Recently, I wrote an article about the “7 Big Trends for Direct Mail in 2011” and a number of fundraisers asked about trends specific to that industry. It’s a question I was happy to tackle, with the aid of our comprehensive database of direct mail, the Who’s Mailing What! Archive, which includes the tracking of 14 different types of fundraising mail (social action, culture, environment, health/handicapped, international relief, minority groups, sports/olympics, politics, religion, animals/wildlife, local relief, lobbying efforts, children and education).
Looking at direct mail statistics until the end of August, here’s what we’ve seen so far in 2011 as compared to all of 2010.
1. Slight Uptick in Controls in 2011
A control is a piece of mail that we’ve seen before in the Archive (for at least a year), and usually it’s an indication of mail that works for certain nonprofit. And fundraisers are an industry that definitely invests more heavily in their donor acquisition packages and are more prone to stay with packages that are faring well in the mailstream.

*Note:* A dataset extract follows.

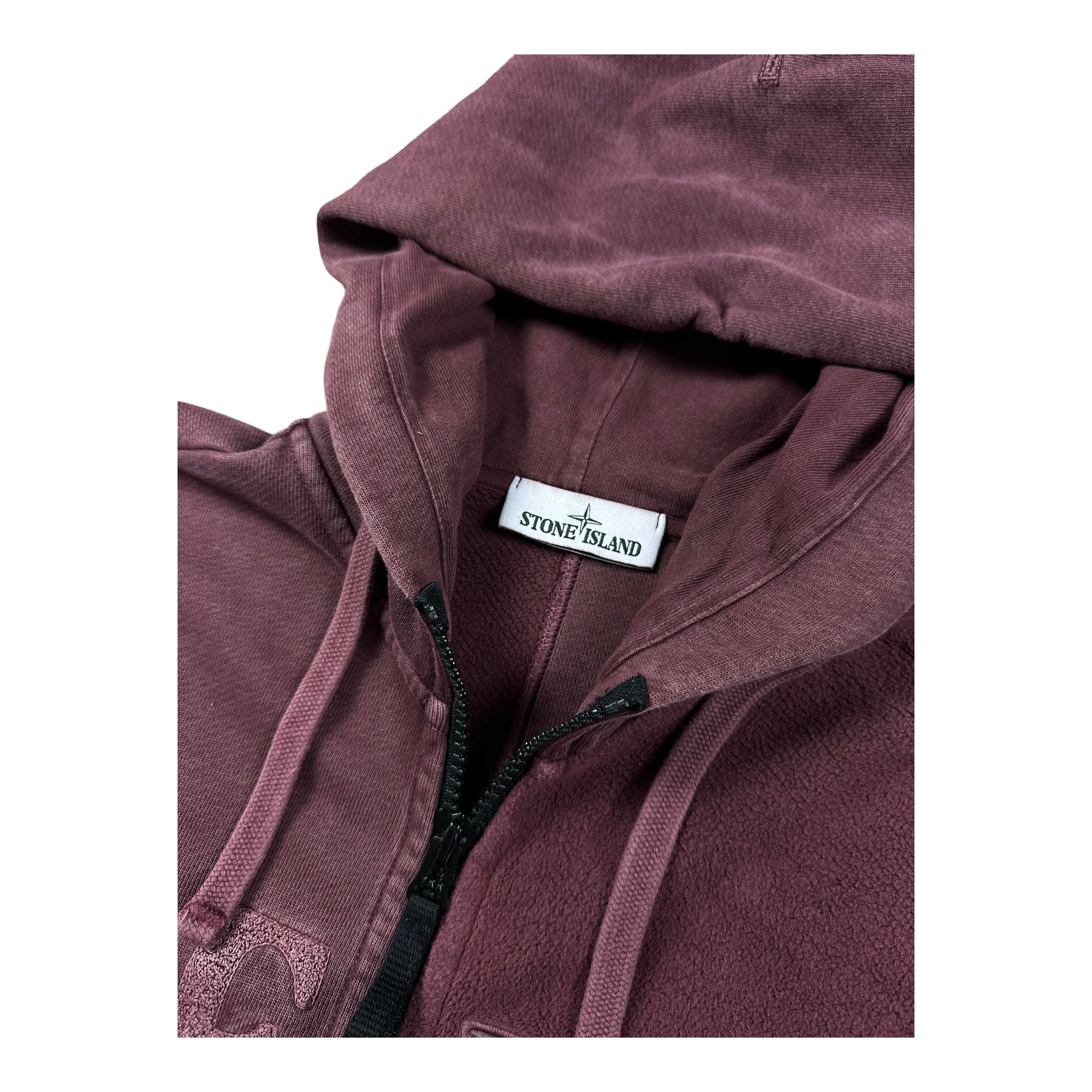 VESTE À CAPUCHE STONE ISLAND - NB08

Therefore, it’s no surprise that the rate of controls is up in 2011, by 1.8 percent to be precise. Now, 45 percent of all fundraising mail is a control, so still over half of all efforts are brand spanking new. But both of those percentages are small potatoes compared to the overall mailstream, in which only 25 percent of all mail pieces are controls.

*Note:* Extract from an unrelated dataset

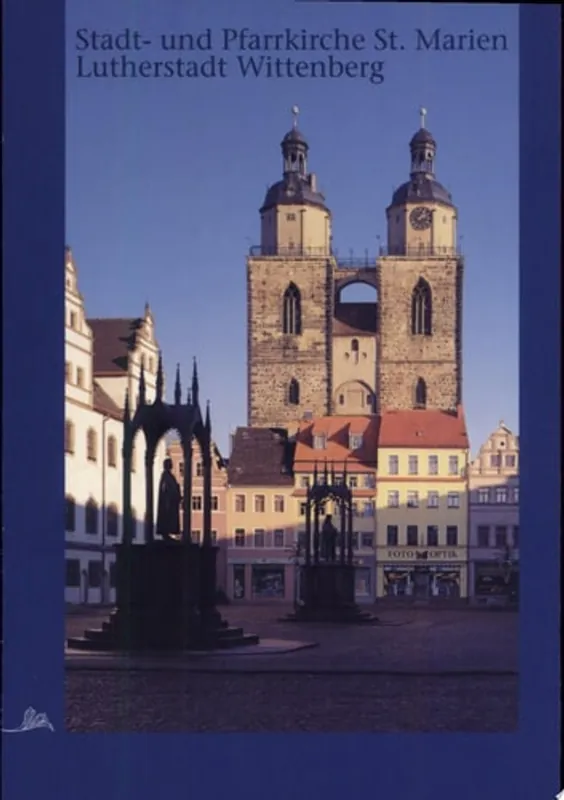 Die evangelische Stadt- und Pfarrkirche St. Marien der Lutherstadt Wittenberg Veilige Betaling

2. 14 Percent Increase in Premiums!
Premium offers continue to tug on anyone’s heart strings, and they tend to make donors more likely to open their wallet in an economic downturn. Accordingly, 2011 saw a 14 percent increase in premiums compared to 2010, and now 18 percent of all fundraising mail includes a premium.
A similar trend was seen in the overall mailstream, as 1 in every 5 mail pieces had a premium, but that was a small increase (7 percent) compared to the fundraising sector.